Many of us are looking for tips  on how to advance in our career, find a new job, or become a better manager. A book with high impact will stress slow but steady improvements, starting with the job or skills that you have right now.

To find the right book, I suggest a quick self assessment:
1) What job do I have today? 
Are you an individual contributor or a manager of others?  How many years of work experience do you have?  What would be the next likely move for you?  If you are in an entry-level position, then reading a book intended for C-Suite executives may leave you confused about how to improve productivity and performance in your cubicle tomorrow morning.  If you are a mid-level manager, then you already come with a set of your own experiences which may go beyond the author’s recommendations.
2) What problems are you having at work today?

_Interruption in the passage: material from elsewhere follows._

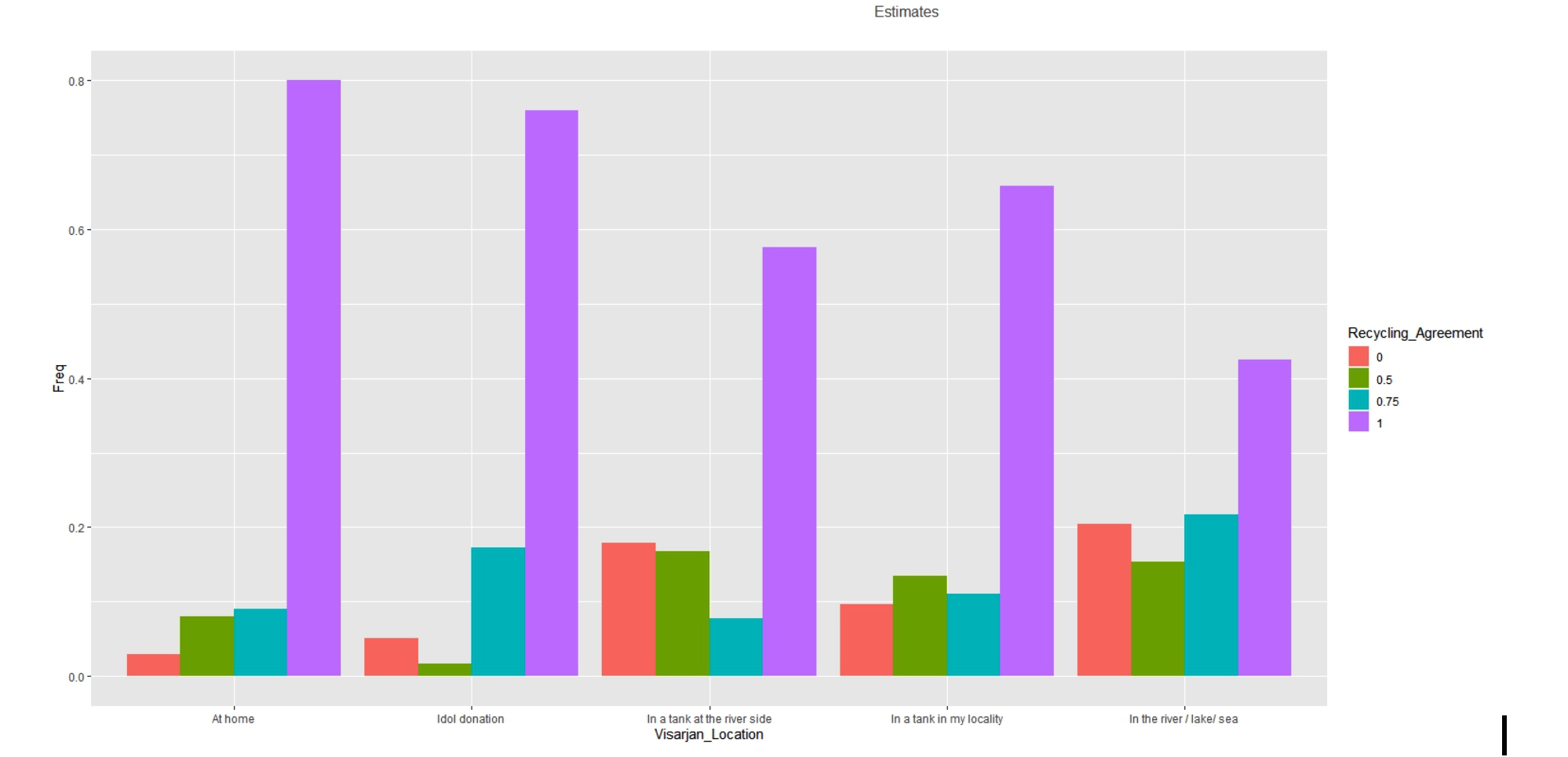 survey22 chart2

Take some time to study your environment at work.  Do you feel your place of employment or the people you are working with are holding you back?  Are you holding yourself back? Often our thoughts about others and our work location can give us the biggest tips on what we need to concentrate on personally.  How can a personal change impact the way I am viewed or treated at the company?   By exploring this line of questioning,  you probably can quickly identify what work skills need improvement.  If your desk at work looks like my teenage son’s bedroom, search for books about organization, productivity and time management.  If you are having trouble connecting to coworkers, search for books on teamwork and continuous improvement.  Identify what appears to be an external problem, and then internalize it.

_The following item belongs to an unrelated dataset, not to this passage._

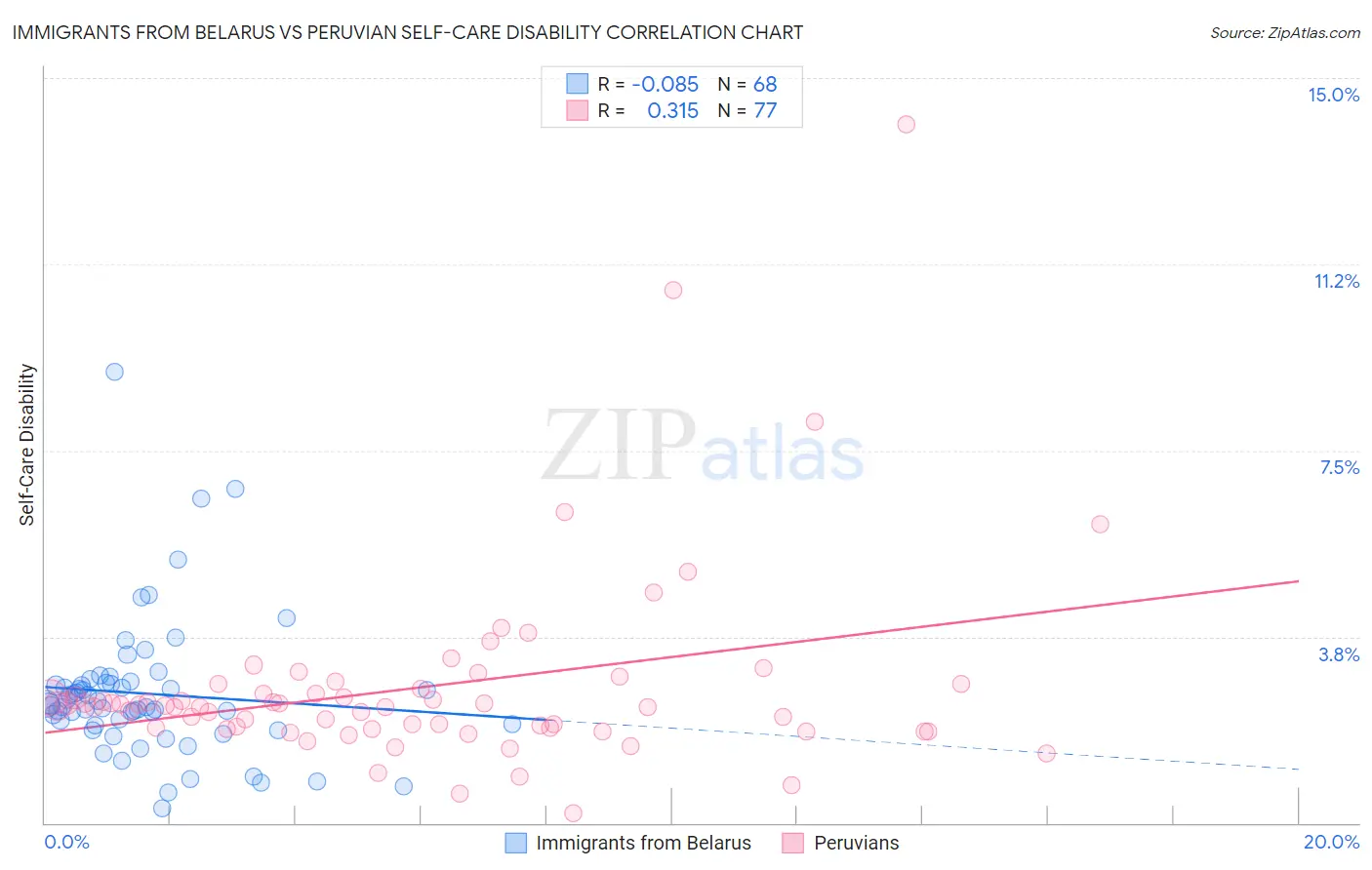 Immigrants from Belarus vs Peruvian Self-Care Disability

3) What kind of learner am I?
Do you like short stories or thoughtful reads in small print?  Do you like the theory or fact-based evidence about success, or would you prefer light stories?  Would you enjoy reading about how others achieved success, or do you want the author to talk directly to you? The book that you are most likely to finish, is probably the right purchase for you, even if it is slightly off-topic.  You will retain the material and find something to take away, if you enjoyed reading it.

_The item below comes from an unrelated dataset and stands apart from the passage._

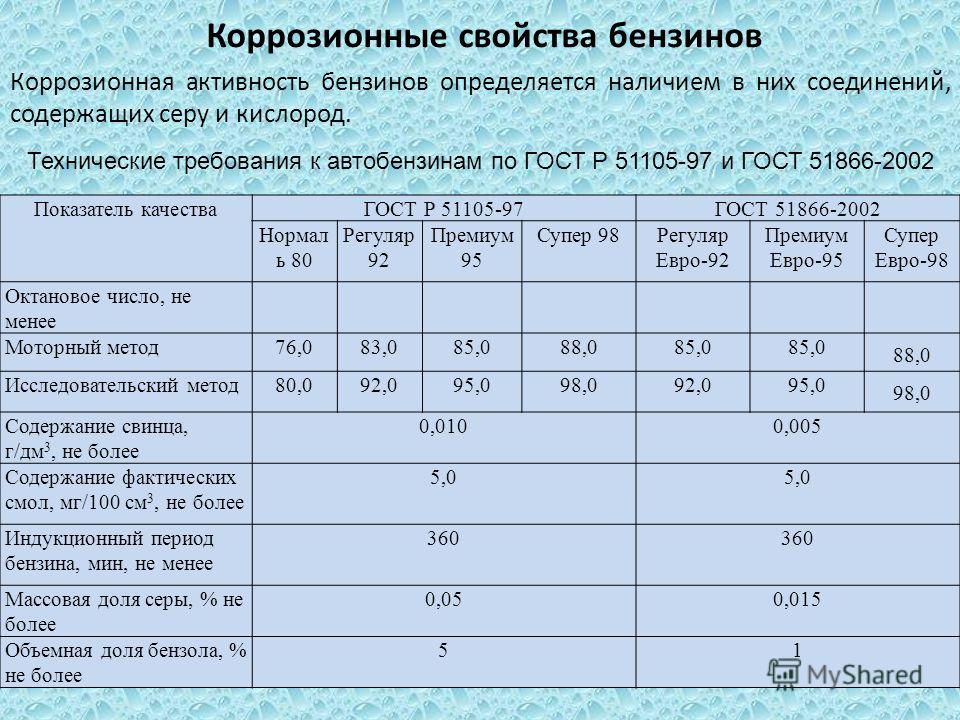 Бензина должен. Характеристика бензина. Требования к характеристикам автомобильного бензина. Показатели качества топлива. Таблица характеристик марок бензина.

Congratulations!  Just by doing this short assessment, you have taken the first step  forward in your career.  You have identified what you want to work on, and can begin to search book titles.  I suggest reading a preview for each book where the title appeals to your situation while keeping in mind the type of style you desire.  Most booksellers allow you to read the first few pages for free, and you can determine the style, tempo and subject matter from what the author leads with in the first few pages.  That is how I wrote my book.   If the preview is short and to the point, the book will be to.  If the preview is personable or thought provoking,  so will be the next 20 chapters.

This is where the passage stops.